#### Prompt:
Would you copy out each line of the records below that includes the word "Silver"?

Material to process: Begin

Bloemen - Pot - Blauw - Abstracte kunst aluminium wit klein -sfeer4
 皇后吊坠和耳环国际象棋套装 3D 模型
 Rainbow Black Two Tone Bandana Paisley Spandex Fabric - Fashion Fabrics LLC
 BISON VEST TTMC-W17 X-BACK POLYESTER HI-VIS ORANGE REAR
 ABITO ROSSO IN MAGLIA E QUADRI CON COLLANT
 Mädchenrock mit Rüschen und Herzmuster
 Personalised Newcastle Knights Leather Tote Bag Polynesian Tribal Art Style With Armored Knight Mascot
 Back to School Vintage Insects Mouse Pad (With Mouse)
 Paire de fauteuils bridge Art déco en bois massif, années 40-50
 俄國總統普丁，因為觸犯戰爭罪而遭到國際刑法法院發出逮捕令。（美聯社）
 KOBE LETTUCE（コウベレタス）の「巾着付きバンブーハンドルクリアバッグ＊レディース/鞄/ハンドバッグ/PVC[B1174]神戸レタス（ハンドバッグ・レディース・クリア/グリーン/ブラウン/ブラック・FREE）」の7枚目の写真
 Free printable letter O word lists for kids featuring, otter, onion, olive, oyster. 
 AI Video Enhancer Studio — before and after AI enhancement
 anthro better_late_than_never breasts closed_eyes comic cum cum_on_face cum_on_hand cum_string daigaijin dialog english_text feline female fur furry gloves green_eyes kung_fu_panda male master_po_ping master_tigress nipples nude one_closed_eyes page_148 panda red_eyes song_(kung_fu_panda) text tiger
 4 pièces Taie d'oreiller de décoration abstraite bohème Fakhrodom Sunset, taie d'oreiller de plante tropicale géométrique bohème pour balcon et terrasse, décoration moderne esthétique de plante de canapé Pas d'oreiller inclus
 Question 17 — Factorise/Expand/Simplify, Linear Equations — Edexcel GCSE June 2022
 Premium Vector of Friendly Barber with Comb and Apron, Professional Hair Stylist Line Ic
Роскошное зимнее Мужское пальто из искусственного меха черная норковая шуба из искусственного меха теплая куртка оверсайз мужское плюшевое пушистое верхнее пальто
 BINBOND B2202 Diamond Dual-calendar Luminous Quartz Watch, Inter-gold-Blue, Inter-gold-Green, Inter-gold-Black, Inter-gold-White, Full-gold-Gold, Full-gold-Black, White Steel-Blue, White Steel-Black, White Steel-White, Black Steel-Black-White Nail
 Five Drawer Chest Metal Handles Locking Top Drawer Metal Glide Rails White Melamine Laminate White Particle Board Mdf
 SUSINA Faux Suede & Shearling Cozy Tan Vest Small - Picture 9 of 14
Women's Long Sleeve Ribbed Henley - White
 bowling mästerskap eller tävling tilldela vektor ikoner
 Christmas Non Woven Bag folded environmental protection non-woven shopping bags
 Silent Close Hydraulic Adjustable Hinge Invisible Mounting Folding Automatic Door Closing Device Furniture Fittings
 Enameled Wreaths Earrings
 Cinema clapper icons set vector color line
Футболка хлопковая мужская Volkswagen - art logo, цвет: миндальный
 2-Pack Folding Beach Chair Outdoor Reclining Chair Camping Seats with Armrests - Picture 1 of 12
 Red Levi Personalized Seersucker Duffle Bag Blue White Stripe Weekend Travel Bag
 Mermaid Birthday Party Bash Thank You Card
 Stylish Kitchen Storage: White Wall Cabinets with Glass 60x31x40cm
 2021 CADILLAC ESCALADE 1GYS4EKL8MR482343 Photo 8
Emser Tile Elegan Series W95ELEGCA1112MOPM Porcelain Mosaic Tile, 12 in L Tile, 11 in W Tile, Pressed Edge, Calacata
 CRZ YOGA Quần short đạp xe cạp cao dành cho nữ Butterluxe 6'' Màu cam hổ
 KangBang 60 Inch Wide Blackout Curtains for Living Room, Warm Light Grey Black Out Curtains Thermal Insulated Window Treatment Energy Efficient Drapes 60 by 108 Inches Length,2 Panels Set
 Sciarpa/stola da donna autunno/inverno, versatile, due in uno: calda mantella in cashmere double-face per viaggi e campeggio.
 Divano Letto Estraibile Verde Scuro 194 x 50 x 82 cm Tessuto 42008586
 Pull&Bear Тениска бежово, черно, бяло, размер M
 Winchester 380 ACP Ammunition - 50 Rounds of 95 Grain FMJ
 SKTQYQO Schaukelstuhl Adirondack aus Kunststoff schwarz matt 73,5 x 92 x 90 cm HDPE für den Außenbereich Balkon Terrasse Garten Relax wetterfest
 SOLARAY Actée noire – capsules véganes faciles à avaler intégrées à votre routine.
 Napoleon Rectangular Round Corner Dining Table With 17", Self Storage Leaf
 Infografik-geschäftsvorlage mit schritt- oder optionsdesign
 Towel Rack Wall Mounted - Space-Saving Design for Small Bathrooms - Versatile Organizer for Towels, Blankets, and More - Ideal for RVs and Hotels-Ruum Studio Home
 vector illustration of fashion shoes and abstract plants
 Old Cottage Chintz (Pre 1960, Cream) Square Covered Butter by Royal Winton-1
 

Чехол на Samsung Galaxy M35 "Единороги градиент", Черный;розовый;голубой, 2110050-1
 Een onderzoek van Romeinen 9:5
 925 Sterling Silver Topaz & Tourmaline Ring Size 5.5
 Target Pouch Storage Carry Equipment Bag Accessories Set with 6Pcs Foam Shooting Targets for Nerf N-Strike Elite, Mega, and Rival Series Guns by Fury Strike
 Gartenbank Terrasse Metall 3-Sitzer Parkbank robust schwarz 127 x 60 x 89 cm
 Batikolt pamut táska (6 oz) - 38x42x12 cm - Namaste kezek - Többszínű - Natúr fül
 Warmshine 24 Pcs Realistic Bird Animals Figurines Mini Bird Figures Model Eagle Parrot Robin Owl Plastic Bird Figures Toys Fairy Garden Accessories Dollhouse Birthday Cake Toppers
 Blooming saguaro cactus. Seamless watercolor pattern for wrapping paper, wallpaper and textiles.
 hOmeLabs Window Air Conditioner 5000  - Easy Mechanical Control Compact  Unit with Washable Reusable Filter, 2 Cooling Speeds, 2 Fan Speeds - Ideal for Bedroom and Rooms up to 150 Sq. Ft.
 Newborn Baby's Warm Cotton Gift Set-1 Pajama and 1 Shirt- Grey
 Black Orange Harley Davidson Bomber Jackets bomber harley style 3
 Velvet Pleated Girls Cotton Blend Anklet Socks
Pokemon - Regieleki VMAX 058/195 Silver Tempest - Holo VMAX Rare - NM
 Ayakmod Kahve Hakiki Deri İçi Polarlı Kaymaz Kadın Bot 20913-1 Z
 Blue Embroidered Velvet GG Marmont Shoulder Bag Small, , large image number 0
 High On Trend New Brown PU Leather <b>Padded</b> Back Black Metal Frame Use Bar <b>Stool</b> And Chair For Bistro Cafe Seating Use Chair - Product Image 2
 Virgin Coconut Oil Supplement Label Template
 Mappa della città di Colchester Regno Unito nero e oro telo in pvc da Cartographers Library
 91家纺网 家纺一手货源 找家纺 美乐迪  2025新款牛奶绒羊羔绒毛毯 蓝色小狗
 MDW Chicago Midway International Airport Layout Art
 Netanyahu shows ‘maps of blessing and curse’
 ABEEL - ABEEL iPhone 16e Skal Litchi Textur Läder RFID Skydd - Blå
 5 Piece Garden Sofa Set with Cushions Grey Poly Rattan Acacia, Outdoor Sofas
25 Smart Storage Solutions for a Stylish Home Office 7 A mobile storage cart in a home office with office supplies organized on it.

Material to process: End

#### Answer to this task:
 925 Sterling Silver Topaz & Tourmaline Ring Size 5.5
Pokemon - Regieleki VMAX 058/195 Silver Tempest - Holo VMAX Rare - NM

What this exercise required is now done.